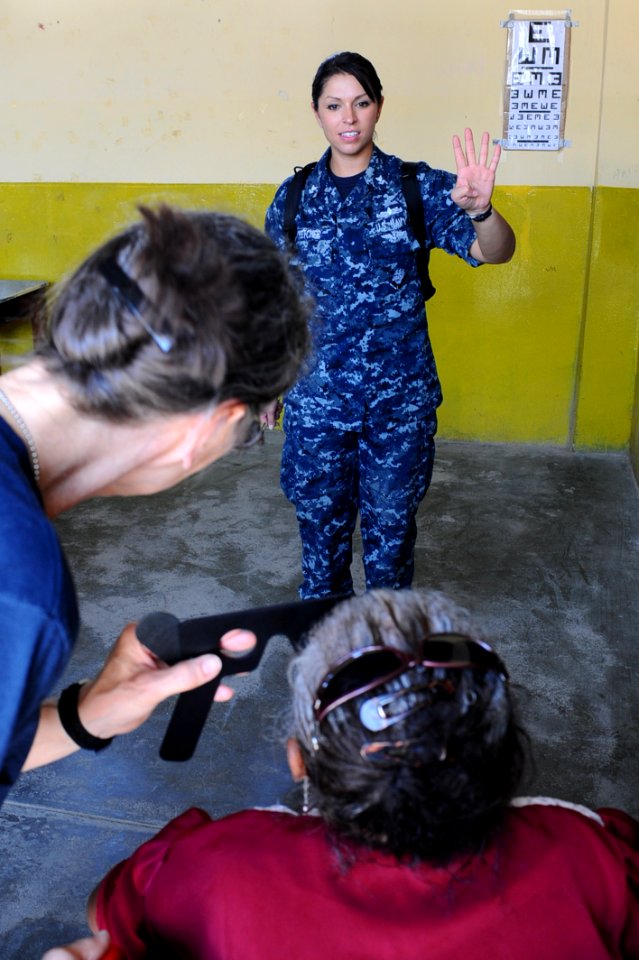 US Navy 110501-F-CF975-136 Hospital Corpsman 2nd Class Amanda Fletcher, from Valencia, Calif., conducts an eye exam during a medical clinic at Sagr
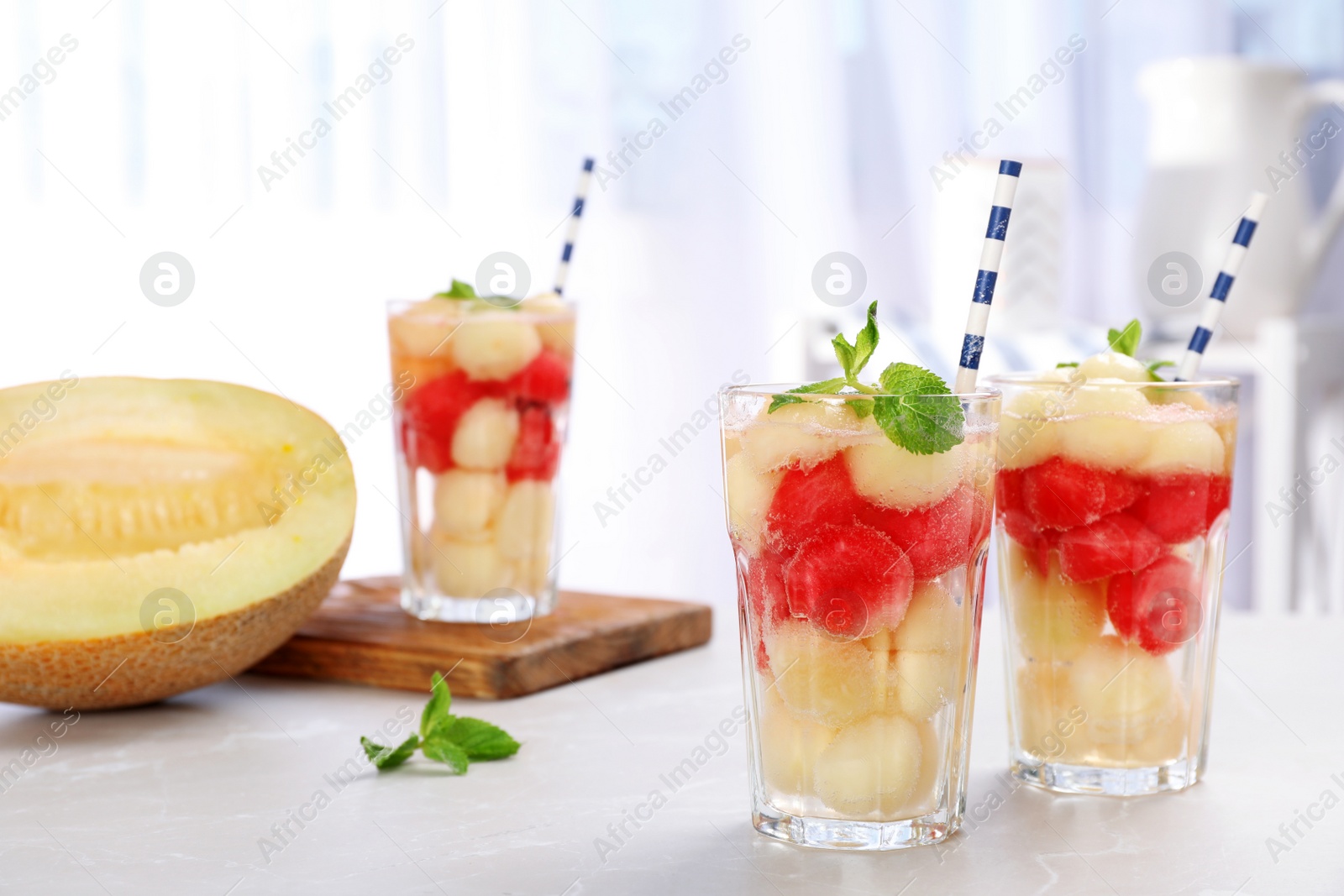 Photo of Glasses with tasty melon and watermelon ball drink on light table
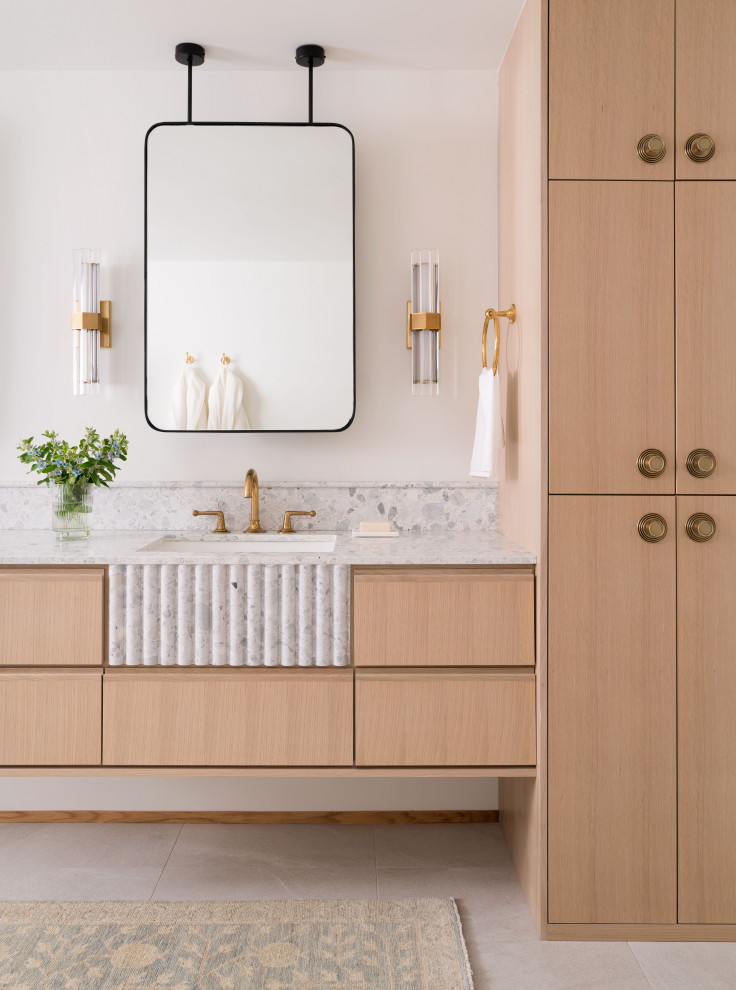 Transitional bathroom photo in Austin with flat-panel cabinets, medium tone wood cabinets, an undermount sink and a floating vanity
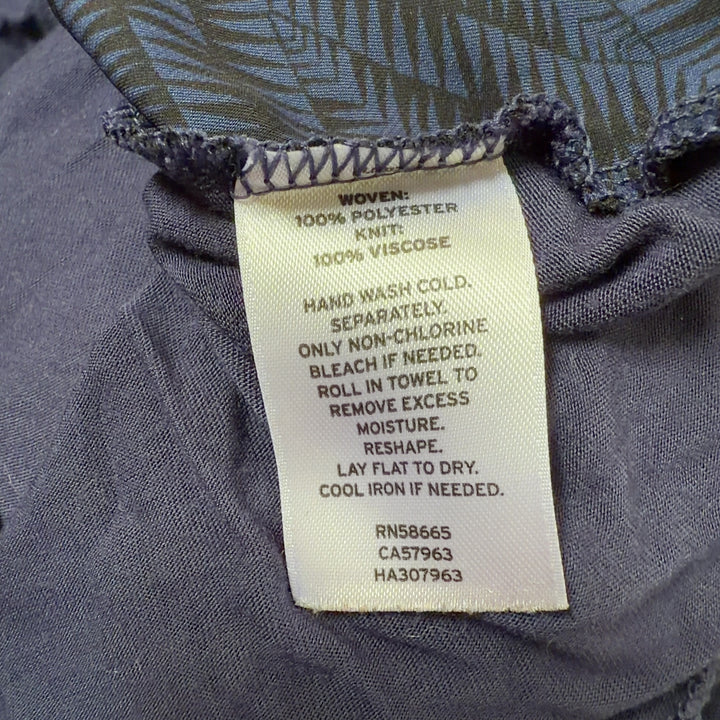 Navy cowl neck sleeveless top back view, showing draped neckline and relaxed fit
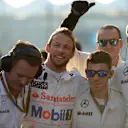 Jenson Button (GBR) McLaren and mechanics on the grid. Formula One World Championship, Rd19, Abu Dhabi Grand Prix, Race, Yas Marina Circuit, Abu Dhabi, UAE, Sunday, 23 November 2014 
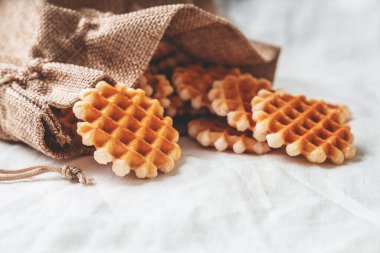 Beyaz bir tekstil arka planının üzerinde pamuk torbadaki küçük waffle 'lar.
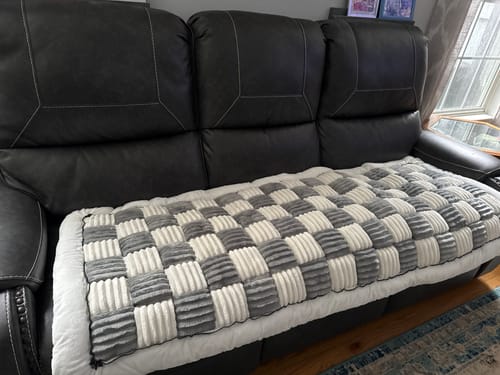 Customer's gray and white checkered furniture protector shown on a dark leather sofa.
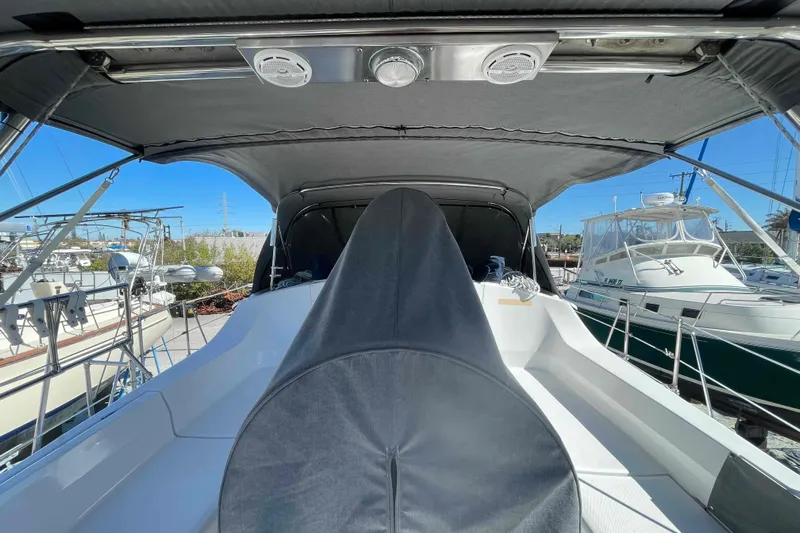 La Veda Yacht Photos Pics 2003 Hunter 426 Deck Salon sailboat with covered cockpit and marina view.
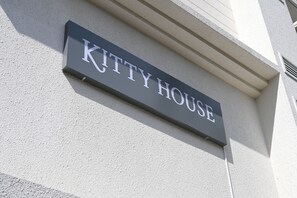A sign that reads "KITTY HOUSE" mounted on a building. - Kitty House (Kolkata)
● ● ● ● ●
*What is expected*:
Once the pictures are set aside, what is needed is the lines from the line with "Jenson Button (GBR)" through the end of the data, written out exactly and alone.

*Completed exercise*:
 Jenson Button (GBR) McLaren and mechanics on the grid. Formula One World Championship, Rd19, Abu Dhabi Grand Prix, Race, Yas Marina Circuit, Abu Dhabi, UAE, Sunday, 23 November 2014 
 Beyaz bir tekstil arka planının üzerinde pamuk torbadaki küçük waffle 'lar.
 Customer's gray and white checkered furniture protector shown on a dark leather sofa.
 La Veda Yacht Photos Pics 2003 Hunter 426 Deck Salon sailboat with covered cockpit and marina view.
A sign that reads "KITTY HOUSE" mounted on a building. - Kitty House (Kolkata)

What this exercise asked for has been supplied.